Thermostat Line Voltage How to Install or Replace

You either have a new line voltage thermostat or have to replace your old line voltage thermostat. In either case the process is much the same.



  1. Make sure that all power is turned off at the breaker panel. Most heaters that use a line voltage thermostat usually use 240v current so the breaker will either be a double pole breaker or you will need to turn off two single pole breakers to kill all of the power.
  2. Check to see which wires are hooked to the breakers. In most cases it will be the red and black wires, but I have seen many times that the white and black wires were used. Often there is no red available when the white is used.
  3. Take out the two screws that hold the thermostat to the junction box. When you get the thermostat out make a note of which wires go to the heater (load) and which wires are coming from the breakers. (line)
  4. If you have a single pole thermostat installed one of the sets of wires may be wired straight through the box or have the line and load wires connected directly in the box.

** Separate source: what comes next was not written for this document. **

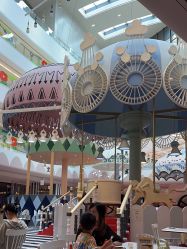 点击看大图 -超级奈尔宝SUPER NEOBIO(杭州星光店)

With a double pole t-stat you will have both sets of wires running through the t-stat.
  5. Remove the old thermostat and wire the new t-stat in the circuit with the load wires hooked to the load or heater and the line wires hooked to the wires coming from the breaker. Make sure to get a very good tight connection as resistance loads will heat up quickly if good contact is not made. This poor connection can and will start fires.
  6. Turn the power on and check the heater for heat output.
  7. Turn the power back off and carefully screw the thermostat to the junction box securely. Then you can reapply the power to the circuit.

Now you are up and running with a new line voltage thermostat installed.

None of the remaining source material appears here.